Start of DATA EXTRACT

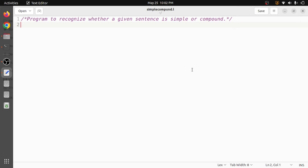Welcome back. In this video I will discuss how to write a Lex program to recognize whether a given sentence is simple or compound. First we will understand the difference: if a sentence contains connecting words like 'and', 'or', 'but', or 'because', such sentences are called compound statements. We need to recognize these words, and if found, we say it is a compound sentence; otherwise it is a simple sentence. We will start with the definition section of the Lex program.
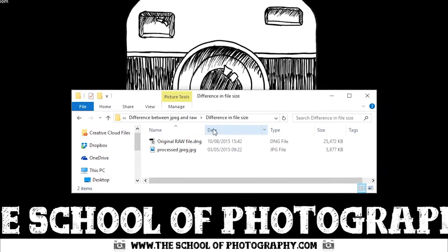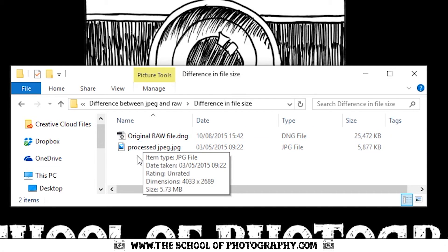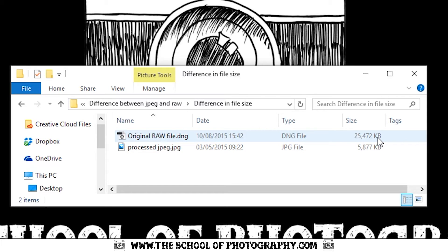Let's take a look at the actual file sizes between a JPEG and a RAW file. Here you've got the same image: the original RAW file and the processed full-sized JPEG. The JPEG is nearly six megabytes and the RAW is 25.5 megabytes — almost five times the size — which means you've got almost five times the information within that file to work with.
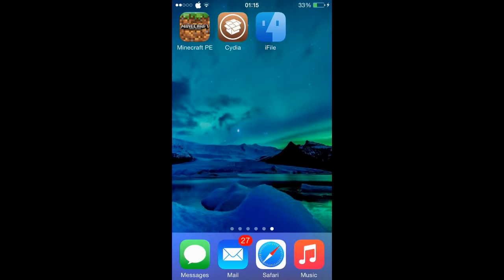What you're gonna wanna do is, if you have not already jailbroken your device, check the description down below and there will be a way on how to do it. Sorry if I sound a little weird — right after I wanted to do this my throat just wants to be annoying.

End of DATA EXTRACT

(EXERCISE DESCRIPTION) Output the listing above exactly, pictures omitted.

(REPLY TO THE TASK)
Welcome back. In this video I will discuss how to write a Lex program to recognize whether a given sentence is simple or compound. First we will understand the difference: if a sentence contains connecting words like 'and', 'or', 'but', or 'because', such sentences are called compound statements. We need to recognize these words, and if found, we say it is a compound sentence; otherwise it is a simple sentence. We will start with the definition section of the Lex program.
Let's take a look at the actual file sizes between a JPEG and a RAW file. Here you've got the same image: the original RAW file and the processed full-sized JPEG. The JPEG is nearly six megabytes and the RAW is 25.5 megabytes — almost five times the size — which means you've got almost five times the information within that file to work with.
What you're gonna wanna do is, if you have not already jailbroken your device, check the description down below and there will be a way on how to do it. Sorry if I sound a little weird — right after I wanted to do this my throat just wants to be annoying.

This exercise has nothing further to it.